If I take a fast rocket trip to Alpha Centauri and back, in the process aging 2 years while you stay on Earth and age 10 years, then you'll have trouble trying to sustain the idea that "really" our respective experiences of time were the same.
Maybe the trouble is defining what a 'now' really is.
Relativity doesn't have trouble. For a particular observer - e.g. yourself - some events are in what is called your "past light cone" and some events are in what is called your "future light cone". Your past light cone contains all events in space and time that can possibly have influenced you in any way, including all the events you can possibly know anything about at this instant. Your future light cone contains all events in space and time that you can possibly influence by any action you take in the current instant.
In this picture, your "now" is a single point that lies between your past and future light cones. It contains all the events that are happening right where you are, at this exact instant in time.
Of course, 10 minutes from now, your past light cone will have expanded, because you will be able to receive signals, in principle, from 10 light minutes further away than you can now. Your future light cone will also have changed. And so will that single point between the two, that you want to call "now".
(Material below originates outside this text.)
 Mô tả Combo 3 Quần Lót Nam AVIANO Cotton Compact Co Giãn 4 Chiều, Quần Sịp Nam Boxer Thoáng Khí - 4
Also, it's important to realise that
my light cone is not the same as yours, because we are not located at the same position in space. I can therefore know about things you cannot know about
now. I can also influence certain things in the future that you cannot, and vice versa.
Cause we could say that all time exists at once, the past and the future, and that time is only an illusion by the brain, making 'now' a subjective experience and subjective only.
Events seem to happen irrespective of the presence of brains. (Although, this is philosophical question we could debate.) That suggests that time is not purely psychological, and certainly not an "illusion".
You have probably noticed that everything doesn't happen at once, for instance. That suggests to me that time is a thing. How about you?